Set down exactly the lines below between the line holding "Foil It's A Breeze Top in Black" and the line holding "Magnetic Selfie Stick", inclusive; no other line belongs in the answer.
BEGIN INFORMATION PROVIDED
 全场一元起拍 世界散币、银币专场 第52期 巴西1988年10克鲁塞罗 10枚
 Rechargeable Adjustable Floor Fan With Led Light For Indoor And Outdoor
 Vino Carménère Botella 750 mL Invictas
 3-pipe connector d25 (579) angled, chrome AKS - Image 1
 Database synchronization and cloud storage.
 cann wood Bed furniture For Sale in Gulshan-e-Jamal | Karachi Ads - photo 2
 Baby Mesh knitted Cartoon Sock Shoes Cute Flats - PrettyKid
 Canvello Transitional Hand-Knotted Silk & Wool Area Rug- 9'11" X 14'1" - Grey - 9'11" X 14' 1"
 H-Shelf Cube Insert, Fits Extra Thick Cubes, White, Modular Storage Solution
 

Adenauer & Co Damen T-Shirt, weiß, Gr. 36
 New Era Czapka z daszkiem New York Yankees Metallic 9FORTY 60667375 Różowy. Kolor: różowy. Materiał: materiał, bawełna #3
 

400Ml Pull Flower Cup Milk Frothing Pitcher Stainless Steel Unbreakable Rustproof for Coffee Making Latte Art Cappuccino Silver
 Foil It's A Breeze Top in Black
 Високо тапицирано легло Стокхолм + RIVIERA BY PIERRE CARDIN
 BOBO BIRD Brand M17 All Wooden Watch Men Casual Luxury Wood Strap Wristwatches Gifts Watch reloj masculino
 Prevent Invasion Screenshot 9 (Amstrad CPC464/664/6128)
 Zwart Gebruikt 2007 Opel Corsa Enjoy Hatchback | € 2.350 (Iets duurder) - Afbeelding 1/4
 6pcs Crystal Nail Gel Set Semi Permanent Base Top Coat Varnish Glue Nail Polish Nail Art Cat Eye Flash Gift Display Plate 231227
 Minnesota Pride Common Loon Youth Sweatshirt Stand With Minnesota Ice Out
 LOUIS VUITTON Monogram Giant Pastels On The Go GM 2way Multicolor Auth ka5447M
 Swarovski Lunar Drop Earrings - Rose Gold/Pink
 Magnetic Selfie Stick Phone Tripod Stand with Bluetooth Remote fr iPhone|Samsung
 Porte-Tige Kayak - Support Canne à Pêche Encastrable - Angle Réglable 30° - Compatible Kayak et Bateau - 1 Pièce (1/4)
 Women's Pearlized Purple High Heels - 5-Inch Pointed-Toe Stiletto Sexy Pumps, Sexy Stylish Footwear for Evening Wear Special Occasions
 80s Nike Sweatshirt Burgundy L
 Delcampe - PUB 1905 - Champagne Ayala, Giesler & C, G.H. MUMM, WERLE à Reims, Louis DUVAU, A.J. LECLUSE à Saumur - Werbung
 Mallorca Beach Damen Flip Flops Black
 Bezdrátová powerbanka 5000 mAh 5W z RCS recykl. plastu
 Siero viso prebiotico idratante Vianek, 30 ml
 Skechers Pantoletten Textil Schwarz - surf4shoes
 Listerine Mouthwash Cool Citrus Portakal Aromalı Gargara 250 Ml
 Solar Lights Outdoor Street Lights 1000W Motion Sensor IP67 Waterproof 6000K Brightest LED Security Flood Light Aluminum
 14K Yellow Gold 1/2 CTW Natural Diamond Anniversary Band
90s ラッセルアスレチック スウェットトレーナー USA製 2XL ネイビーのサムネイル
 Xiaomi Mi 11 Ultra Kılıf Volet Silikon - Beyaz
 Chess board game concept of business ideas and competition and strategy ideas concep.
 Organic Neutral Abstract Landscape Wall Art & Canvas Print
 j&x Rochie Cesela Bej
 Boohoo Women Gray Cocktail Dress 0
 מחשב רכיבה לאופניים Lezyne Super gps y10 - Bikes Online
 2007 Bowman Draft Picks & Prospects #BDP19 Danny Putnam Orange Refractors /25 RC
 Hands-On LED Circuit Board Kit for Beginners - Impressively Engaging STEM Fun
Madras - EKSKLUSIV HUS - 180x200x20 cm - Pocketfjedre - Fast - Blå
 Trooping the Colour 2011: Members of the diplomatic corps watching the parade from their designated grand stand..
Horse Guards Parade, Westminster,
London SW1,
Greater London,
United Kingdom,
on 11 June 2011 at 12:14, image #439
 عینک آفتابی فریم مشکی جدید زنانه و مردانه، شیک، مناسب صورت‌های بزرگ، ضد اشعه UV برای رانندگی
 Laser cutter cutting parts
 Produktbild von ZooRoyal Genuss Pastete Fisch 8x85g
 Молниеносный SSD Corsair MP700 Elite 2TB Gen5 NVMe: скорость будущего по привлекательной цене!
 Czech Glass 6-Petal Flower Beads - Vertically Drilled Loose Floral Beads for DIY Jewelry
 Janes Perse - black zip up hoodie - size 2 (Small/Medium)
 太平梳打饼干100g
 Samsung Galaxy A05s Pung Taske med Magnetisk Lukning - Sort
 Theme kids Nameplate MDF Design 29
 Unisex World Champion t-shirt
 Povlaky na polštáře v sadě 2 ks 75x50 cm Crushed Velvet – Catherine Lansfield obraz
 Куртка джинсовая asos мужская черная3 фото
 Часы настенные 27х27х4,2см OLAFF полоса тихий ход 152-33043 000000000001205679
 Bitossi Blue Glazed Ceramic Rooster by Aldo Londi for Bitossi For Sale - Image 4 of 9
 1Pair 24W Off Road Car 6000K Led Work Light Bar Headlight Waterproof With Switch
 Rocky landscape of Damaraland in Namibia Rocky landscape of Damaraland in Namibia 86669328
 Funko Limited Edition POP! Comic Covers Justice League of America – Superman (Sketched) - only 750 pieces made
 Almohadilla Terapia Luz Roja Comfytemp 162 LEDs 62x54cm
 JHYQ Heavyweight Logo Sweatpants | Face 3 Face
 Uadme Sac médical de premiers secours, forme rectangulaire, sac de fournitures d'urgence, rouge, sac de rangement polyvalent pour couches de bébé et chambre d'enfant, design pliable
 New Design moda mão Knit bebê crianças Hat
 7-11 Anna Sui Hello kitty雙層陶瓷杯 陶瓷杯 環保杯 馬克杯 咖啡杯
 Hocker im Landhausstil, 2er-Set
END INFORMATION PROVIDED
## THE COMPLETED TASK
 Foil It's A Breeze Top in Black
 Високо тапицирано легло Стокхолм + RIVIERA BY PIERRE CARDIN
 BOBO BIRD Brand M17 All Wooden Watch Men Casual Luxury Wood Strap Wristwatches Gifts Watch reloj masculino
 Prevent Invasion Screenshot 9 (Amstrad CPC464/664/6128)
 Zwart Gebruikt 2007 Opel Corsa Enjoy Hatchback | € 2.350 (Iets duurder) - Afbeelding 1/4
 6pcs Crystal Nail Gel Set Semi Permanent Base Top Coat Varnish Glue Nail Polish Nail Art Cat Eye Flash Gift Display Plate 231227
 Minnesota Pride Common Loon Youth Sweatshirt Stand With Minnesota Ice Out
 LOUIS VUITTON Monogram Giant Pastels On The Go GM 2way Multicolor Auth ka5447M
 Swarovski Lunar Drop Earrings - Rose Gold/Pink
 Magnetic Selfie Stick Phone Tripod Stand with Bluetooth Remote fr iPhone|Samsung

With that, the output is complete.